In the globalisation era, an Indian company taking on the world is no longer big news for consumers. For the companies, however, catering to a global audience is serious business — both literally and metaphorically — and they are coming up with specially orchestrated celebrity-led advertising campaigns to communicate their intent. Given that letting the products speak for themselves could take years, these campaigns serve as shortcuts to build brand perception.
A case in point: in November 2015, Tata Motors chose footballer Lionel Messi as the global brand ambassador for its passenger cars for the next two years. The company’s press release speaks of plans to expand its footprint across the globe and Messi’s ability to transcend geographies. “The idea is to engage with young people and we found that football and Messi held a lot of connect with the youth,” Mayank Pareek, president, passenger vehicle business unit, Tata Motors, was quoted saying in the media. And this isn’t a new trend — last year, Hero MotoCorp signed on golfer Tiger Woods for a four-year period, shelling out a whopping ₹200 crore, the highest amount ever paid by an Indian company for a celebrity endorsement.
“Tiger Woods is not just a sports celebrity but one of the biggest global icons. His appeal cuts across geographies, nationalities, age and gender and, therefore, he makes for the best brand fit as our corporate partner as we go global,” Pawan Munjal was reported to have said in an interview. It was not too long ago that Micromax had signed on Hollywood actor Hugh Jackman to endorse its mobile handsets, as the company was looking at tapping markets outside of India. “Several companies want to shed the image of being an ‘Indian’ company and think that celebrity endorsements are a good way of doing it,” says Manish Porwal, managing director, Alchemist Marketing & Talent Solutions.

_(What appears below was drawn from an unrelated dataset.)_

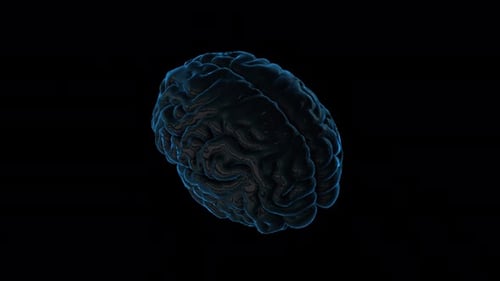 NFT Digital Artificial intelligence Brain in Technology Board Alpha Channel 4K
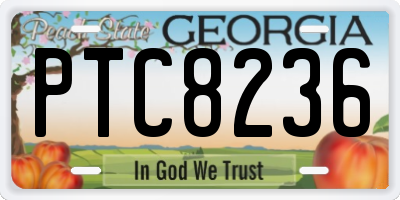 GA license plate PTC8236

Celebrity endorsements are an easy way of building brand perception, but they certainly don’t come cheap. While its efficacy might be questionable, the cult of celebrity advertising is only growing. In 2001, no more than 25% of all advertisements in the country featured celebrities; that number is at 60-65% today. In India, celebrities endorse pretty much everything from hair oil to cars and from photocopy machines to detergents. They stare blankly at you from every traffic signal and take up significant footage on prime-time television.
With such a large chunk of advertising being led by celebrities, how much the consumer actually absorbs and retains is a moot point. Abhijit Avasthi, co-founder, Sideways Consulting, and former national creative director, Ogilvy & Mather, maintains that it is more important to know how to use a celebrity than to just feature him or her in the commercial.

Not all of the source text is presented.